THE INPUT ▸

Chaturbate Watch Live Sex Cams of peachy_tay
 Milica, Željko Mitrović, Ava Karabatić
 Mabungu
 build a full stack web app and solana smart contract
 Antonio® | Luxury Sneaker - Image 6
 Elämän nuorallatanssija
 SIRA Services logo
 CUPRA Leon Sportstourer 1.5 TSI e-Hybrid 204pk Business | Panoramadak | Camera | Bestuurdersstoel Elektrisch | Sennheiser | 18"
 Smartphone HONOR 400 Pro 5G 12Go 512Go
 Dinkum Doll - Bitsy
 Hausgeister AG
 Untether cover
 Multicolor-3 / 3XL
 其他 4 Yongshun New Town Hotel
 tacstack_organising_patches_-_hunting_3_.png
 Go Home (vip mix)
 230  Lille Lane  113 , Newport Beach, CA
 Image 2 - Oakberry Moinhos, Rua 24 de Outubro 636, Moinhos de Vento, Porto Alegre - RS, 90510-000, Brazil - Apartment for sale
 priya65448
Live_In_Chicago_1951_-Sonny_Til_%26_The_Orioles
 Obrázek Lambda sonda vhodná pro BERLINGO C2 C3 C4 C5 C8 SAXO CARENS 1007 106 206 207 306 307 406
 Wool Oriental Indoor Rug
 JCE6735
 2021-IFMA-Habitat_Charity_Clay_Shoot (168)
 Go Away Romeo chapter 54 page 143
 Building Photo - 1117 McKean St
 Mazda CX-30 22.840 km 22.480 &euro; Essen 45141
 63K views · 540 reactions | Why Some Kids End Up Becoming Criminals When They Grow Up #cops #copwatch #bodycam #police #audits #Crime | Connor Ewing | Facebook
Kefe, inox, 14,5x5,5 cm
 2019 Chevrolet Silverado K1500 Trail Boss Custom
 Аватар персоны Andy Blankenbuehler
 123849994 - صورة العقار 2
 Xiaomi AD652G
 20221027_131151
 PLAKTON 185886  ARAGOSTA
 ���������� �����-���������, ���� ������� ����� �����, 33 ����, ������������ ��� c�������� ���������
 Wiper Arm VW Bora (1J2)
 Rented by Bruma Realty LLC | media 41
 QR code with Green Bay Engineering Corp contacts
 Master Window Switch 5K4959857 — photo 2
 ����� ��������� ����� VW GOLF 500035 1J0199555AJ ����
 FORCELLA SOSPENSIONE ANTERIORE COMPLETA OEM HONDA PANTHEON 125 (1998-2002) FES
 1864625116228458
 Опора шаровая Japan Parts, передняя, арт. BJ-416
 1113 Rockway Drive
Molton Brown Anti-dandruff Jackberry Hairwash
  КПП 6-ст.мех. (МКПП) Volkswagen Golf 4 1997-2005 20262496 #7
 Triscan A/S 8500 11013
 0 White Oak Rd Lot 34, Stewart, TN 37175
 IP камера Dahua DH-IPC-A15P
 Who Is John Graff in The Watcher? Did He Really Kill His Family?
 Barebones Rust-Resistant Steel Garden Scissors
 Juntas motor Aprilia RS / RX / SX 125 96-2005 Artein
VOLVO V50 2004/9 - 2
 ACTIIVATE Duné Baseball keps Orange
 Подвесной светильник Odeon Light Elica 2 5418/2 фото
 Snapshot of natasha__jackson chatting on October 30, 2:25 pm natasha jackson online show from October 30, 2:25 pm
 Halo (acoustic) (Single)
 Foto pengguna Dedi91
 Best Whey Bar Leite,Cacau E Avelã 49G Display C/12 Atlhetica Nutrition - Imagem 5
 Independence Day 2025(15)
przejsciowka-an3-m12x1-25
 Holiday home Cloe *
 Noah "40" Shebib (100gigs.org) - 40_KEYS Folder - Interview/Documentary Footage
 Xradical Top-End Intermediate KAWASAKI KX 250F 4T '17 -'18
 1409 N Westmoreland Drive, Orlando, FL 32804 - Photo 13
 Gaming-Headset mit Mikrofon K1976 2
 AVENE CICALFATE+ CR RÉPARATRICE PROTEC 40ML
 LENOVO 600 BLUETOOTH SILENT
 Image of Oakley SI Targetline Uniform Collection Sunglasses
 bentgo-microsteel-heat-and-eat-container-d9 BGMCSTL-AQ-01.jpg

WHAT THE TASK ASKS ▸
Line count for the word "Drive": tally the lines in the records that include it and give only the result.

RESPONSE ▸
2